- PROBLEM -
Set down the final stretch of the data, from the line that holds "For 2015 for" through the last line, both included, with pictures left out.

- DATASET CONTENT -
= Beginning of Section =

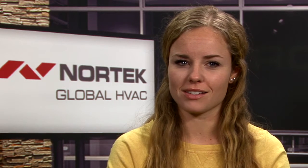Once logged in, visit the Products tab to turn on and off your products. Then, using the Bulk Price List button, download the template and enter in all of your product pricing based off of model number and size. Simply save the document and re-upload into the tool to see your pricing adjust.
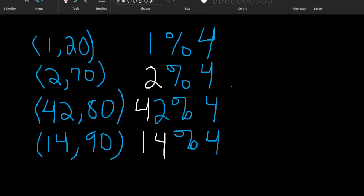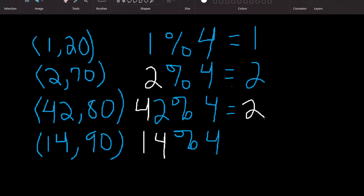According to our calculations here in the virtual computer lab: one modulus four is one, two modulus four is two, 42 modulus four is two, 14 modulus four is two. So we got: one, two, two, two. The problem here is that these indexes from the modulus calculation are not unique — they're not unique. We have to do something a little bit more.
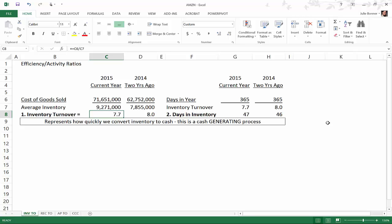For 2015 for Amazon, their cost of goods sold or cost of revenue was $71,651,000. Now it's important to note every financial statement that you see on Yahoo is going to be in thousands, meaning that they drop off the last three zeros. This is not actually $71,651,000 of cost of goods sold, it's actually $71,651,000,000. That's just how big Amazon is.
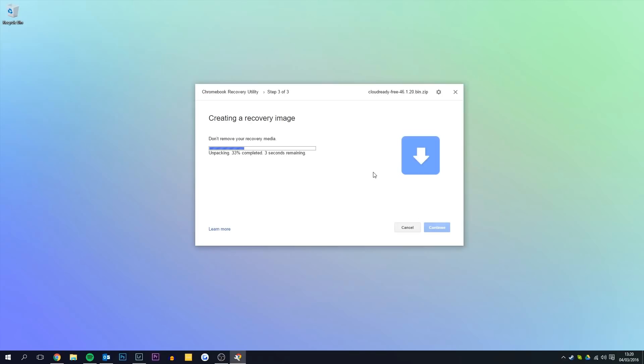This image writing process will take around 15 minutes but I've sped this up quite a lot. Essentially we're just writing the image to the USB stick so we can boot it up from the computer.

= End of Section =

- ANSWER SPACE -
For 2015 for Amazon, their cost of goods sold or cost of revenue was $71,651,000. Now it's important to note every financial statement that you see on Yahoo is going to be in thousands, meaning that they drop off the last three zeros. This is not actually $71,651,000 of cost of goods sold, it's actually $71,651,000,000. That's just how big Amazon is.
This image writing process will take around 15 minutes but I've sped this up quite a lot. Essentially we're just writing the image to the USB stick so we can boot it up from the computer.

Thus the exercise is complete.